# Baby bd wont eat



## RichyHunt (Jun 25, 2010)

Hi All,

4ft viv set up holding good temps at 100-105 basking and 80 cooler end. Had viv for a week before getting bd to test it all out and all seems fine. Got baby bd 8 wks old from a good breeder on sat 26th. My prob is hes not eating, put dusted live small crickets in, not interested, put some finely chopped greens and fruit in, not interested, doesnt go near water. Tried holding some food to his nose, again, not interested, put small drops of water on nose, again, doesnt seem interested. What am i doing wrong? I know he needs time to settle in but surely he should be a little interested. All he does all day is bask on his log, seemingly sleeping a lot. he sees a cricket from time to time but just watches it!!

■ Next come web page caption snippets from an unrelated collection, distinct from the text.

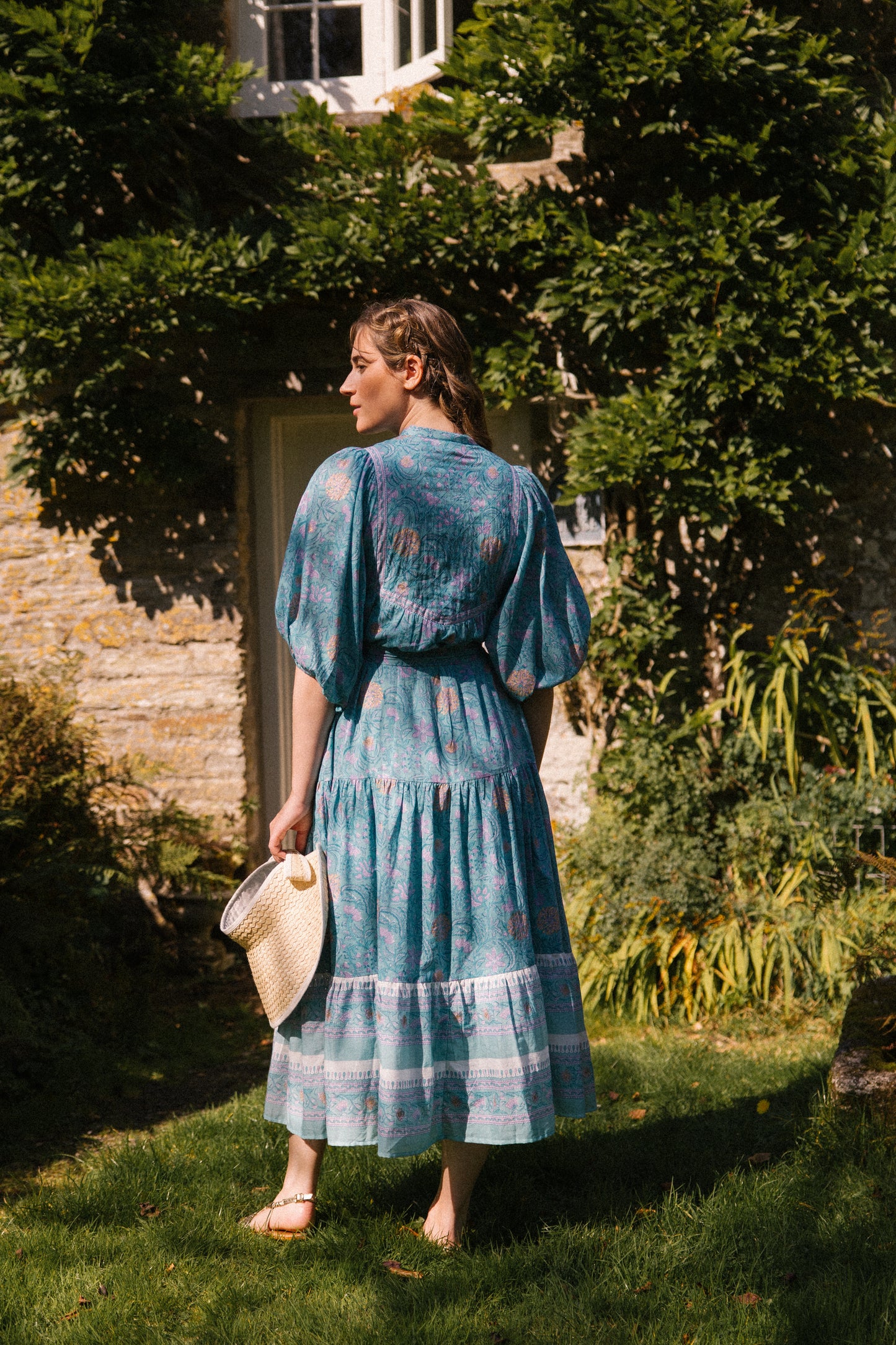 Delilah Maxi Dress in Blue & Gold Print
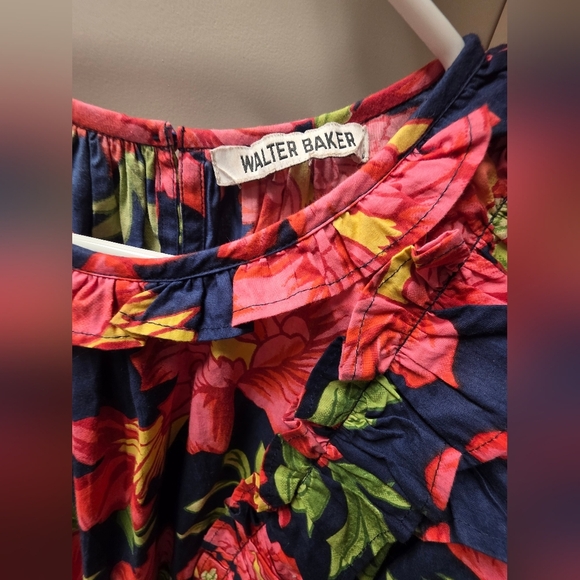 Floral Womens Dress in Red and Blue - Picture 2 of 3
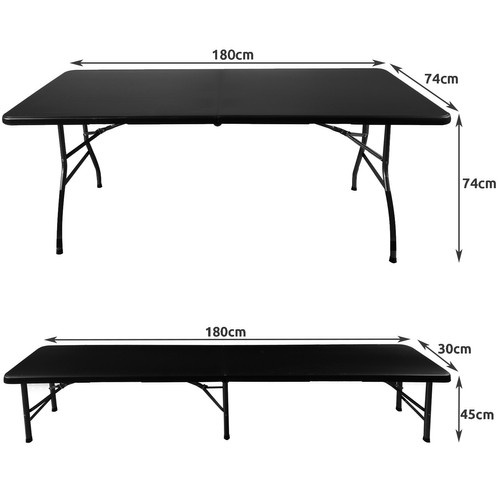 Sklopivi vrtni stol 180 cm + 2 klupe - crni - Slika 4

Help please, am worried bout him!!

Thanks

Rich.


----------



## Salvadora (Jun 25, 2010)

Mine wouldn't eat for nearly a week when I first got him. I put the whole closed box of crickets in the viv then left the room for about twenty minutes. When I came back in the room he was lunging at the crickets through the plastic box so I released one, stepped away from the viv then he went chasing after it. It was a case of firing up his appetite. 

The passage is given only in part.